BEGIN RECORDS TO PROCESS

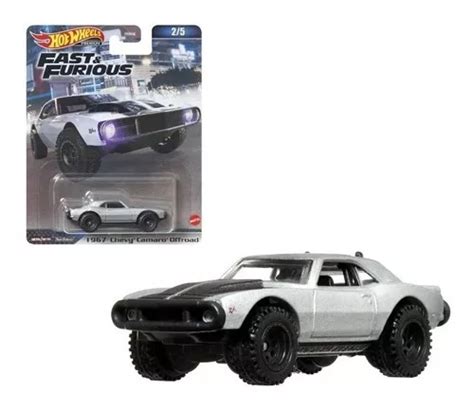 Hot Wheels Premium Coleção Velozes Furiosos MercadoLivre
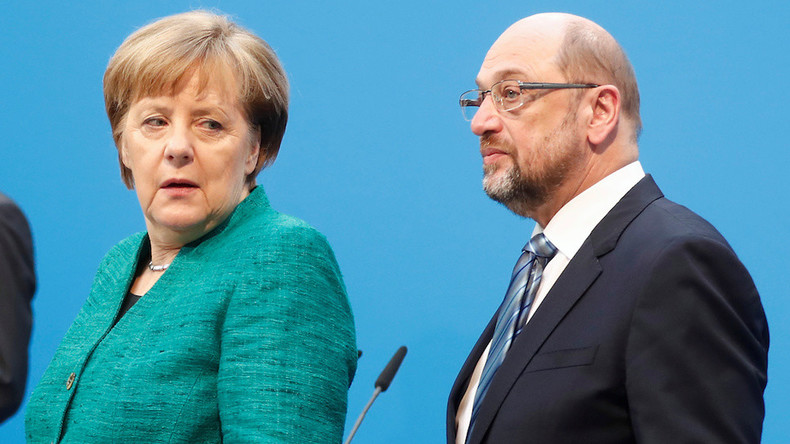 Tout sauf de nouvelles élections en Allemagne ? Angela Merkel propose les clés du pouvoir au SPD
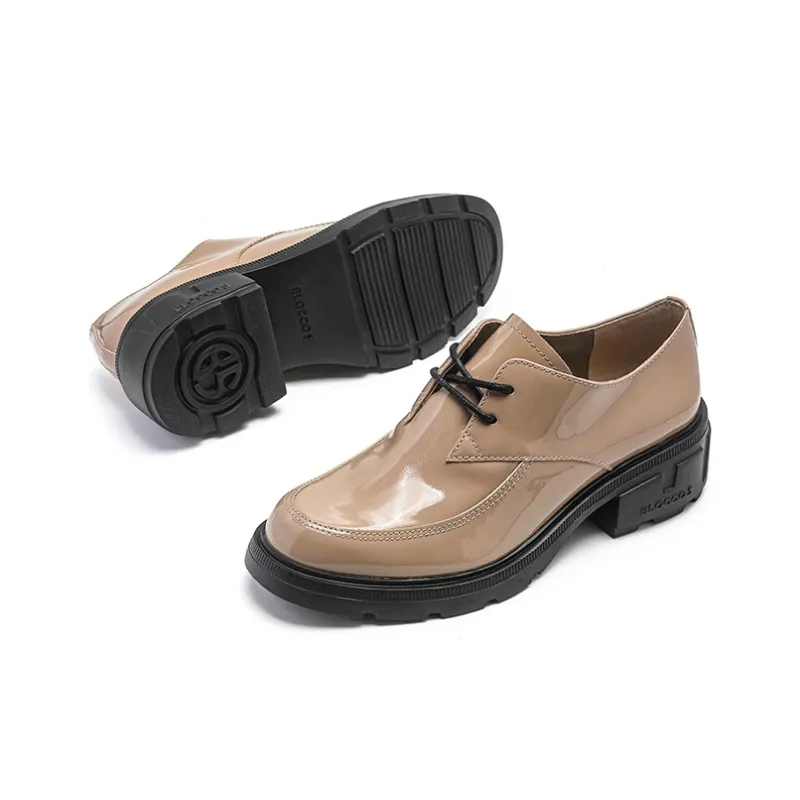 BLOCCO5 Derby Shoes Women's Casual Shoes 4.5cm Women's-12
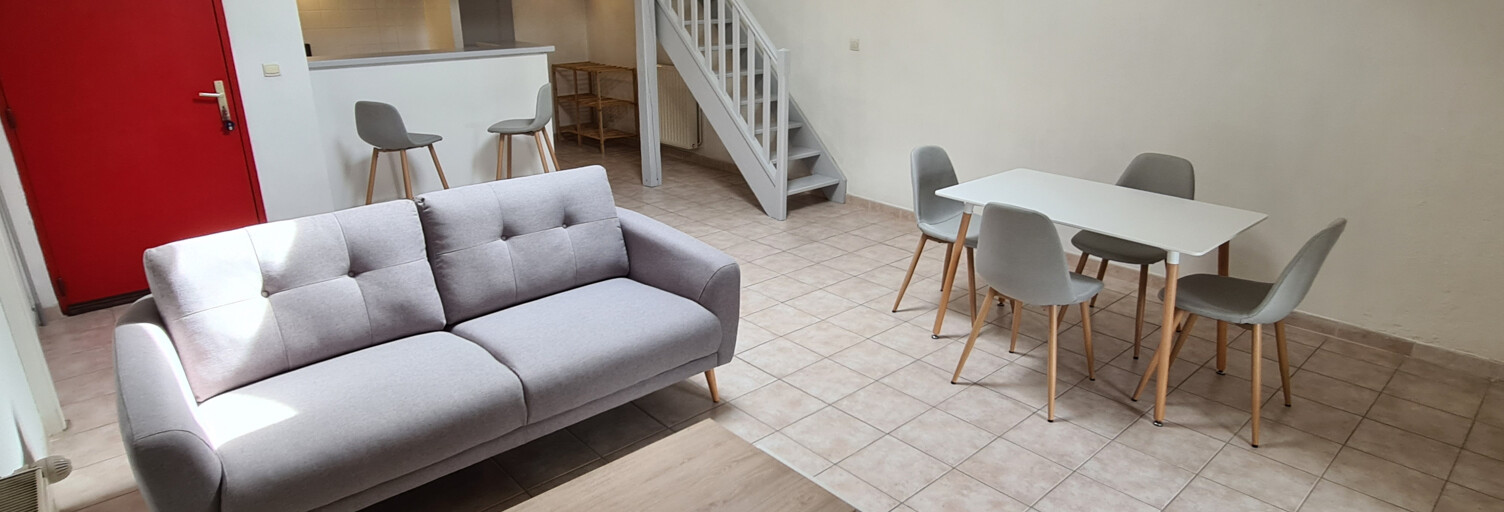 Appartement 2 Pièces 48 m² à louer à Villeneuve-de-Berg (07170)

END RECORDS TO PROCESS
BEGIN RECORDS TO PROCESS

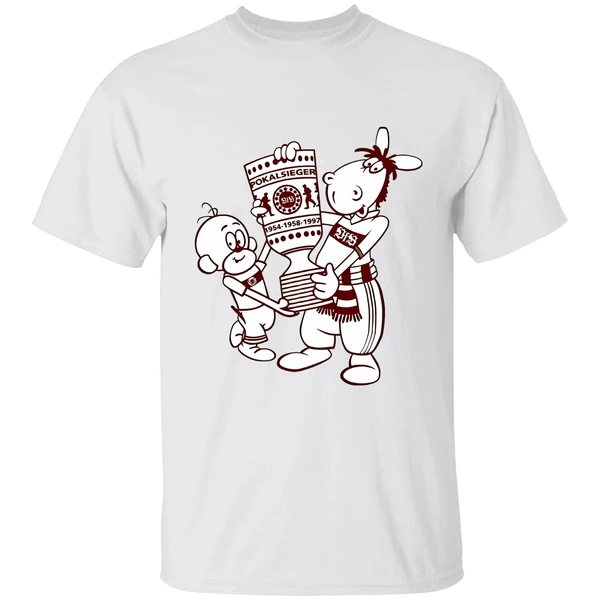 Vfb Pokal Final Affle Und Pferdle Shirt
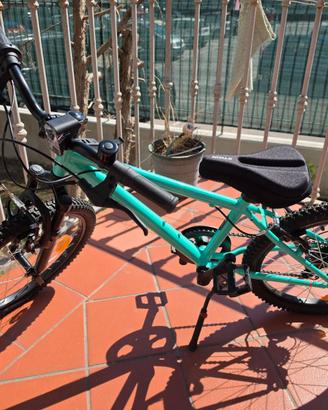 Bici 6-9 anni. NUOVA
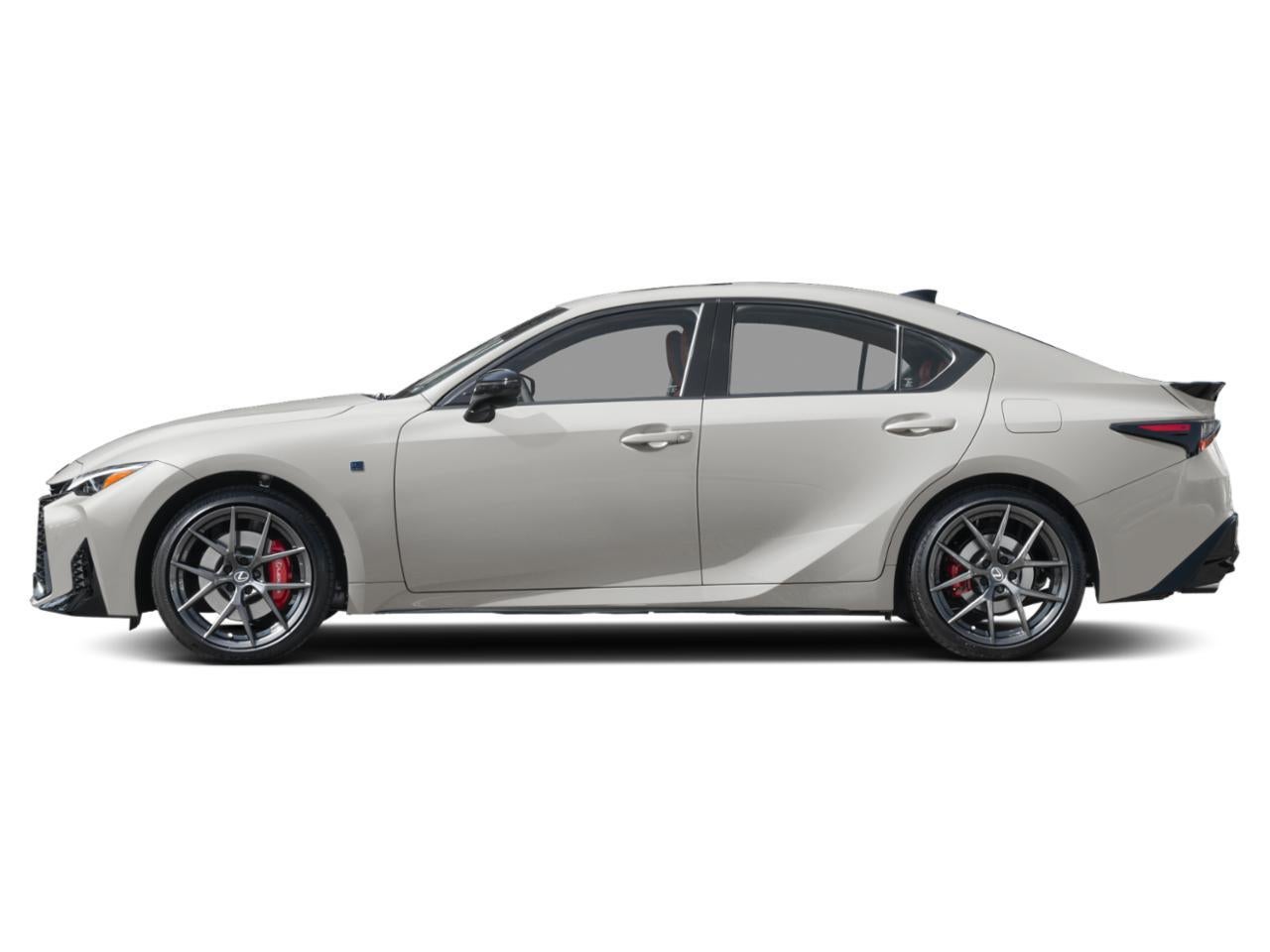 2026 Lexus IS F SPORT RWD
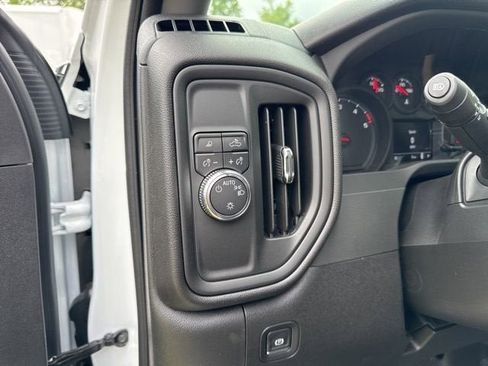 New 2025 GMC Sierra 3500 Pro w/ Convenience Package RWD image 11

END RECORDS TO PROCESS

Above this task is a listing with pictures in it. Retype only the lines from the one containing "Hot Wheels Premium" through the one containing "Appartement 2 Pièces", both included, and not the pictures.

 Hot Wheels Premium Coleção Velozes Furiosos MercadoLivre
 Tout sauf de nouvelles élections en Allemagne ? Angela Merkel propose les clés du pouvoir au SPD
 BLOCCO5 Derby Shoes Women's Casual Shoes 4.5cm Women's-12
 Appartement 2 Pièces 48 m² à louer à Villeneuve-de-Berg (07170)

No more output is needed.